Jamie is 20 now, but her soft brown eyes make her seem younger. When she first came to prison, women old enough to be her mother told her she was cute and promised to take care of her. “They rub on you and stuff, I can’t stand it,” she said. In the seven months before her 18th birthday, prison records show that Jamie was housed with at least three adult cellmates, including one in her 50s who had a history of cocaine possession. Jamie said she was also around adults in the showers and the yard. She had a bunkmate who did drugs she had never been around before, “something you snort.”
In this environment, Jamie found it hard to stay out of trouble. And when trouble came, she didn’t know how to explain herself to the guards. According to Chris Gautz, a spokesman for the Michigan Department of Corrections (MDOC), Jamie “failed in every instance” to meet good-behavior standards that under Michigan law allow certain inmates to have their records scrubbed clean after they serve their sentences. In June 2012, Jamie’s special status was revoked and she was resentenced to up to five years in prison for her original crime. 1
When this news sank in, Jamie snapped. On June 15, 2012, she started yelling so loud and for so long that a correctional officer complained in the logbook that the noise was giving her a headache. Then she climbed on her sink and threatened to kill herself. A group of officers in gas masks hauled her out of her cell as she begged them to put her down. Chemical gas that had been used to subdue another inmate lingered in the hallway, Jamie later recalled, and she started to cough. The officers pressed a spit guard on her face and fastened straps on her arms and legs and chest, a practice known as five-point restraint. Jamie became more and more distressed, but at no point did the officers attempt to calm her or even explain what they were doing. “[There was] snot coming out of my nose. I’m trying to sit up,” she said. “I’m coughing and crying at the same time, and basically the officer said I spit on her and they still tied me down.” She recalled pleading with the guards, “I’m like only 17, you can’t do this to me.”
After Jamie had been restrained, the logbook shows that she was left tied to a bed for nearly 24 hours. No therapist appears to have visited her during this time. Jamie said that on another occasion, she was restrained for days and urinated on herself. “I’ve had dreams about being held down; nobody can hear me or nothing. It’s terrifying,” she said. The MDOC declined to comment on detailed questions related to her treatment because they concerned “pending litigation” and “personal medical information.”

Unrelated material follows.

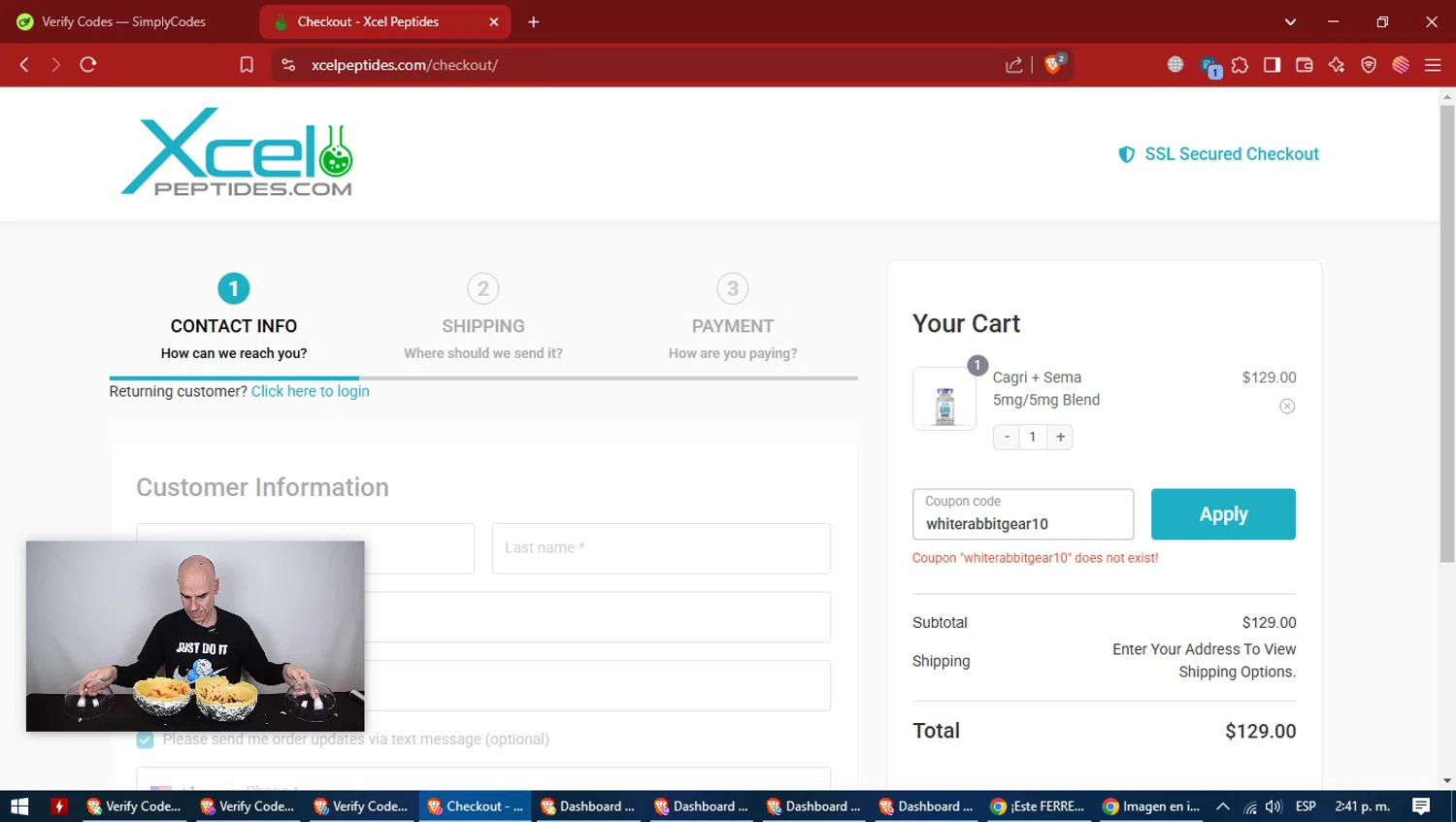 Xcel Peptides coupon code screenshot showing code whiterabbitgear10 applied at Xcel Peptides checkout page. Uploaded by SimplyCodes community member VictoriousCaptain7627 on Feb 23, 2025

Jamie had never attempted suicide until she went to prison and her fellow inmates taught her how to cut herself. Over the course of several weeks in June, according to the prison log, she tried to hang herself with socks tied around her neck, to cut herself with wall scrapings and rocks and a comb, to eat paint chips off her door, and to scratch a wound on her arm with empty mayonnaise packets. She told a staff member she wanted her arm to get infected, amputated, and sent to her parents.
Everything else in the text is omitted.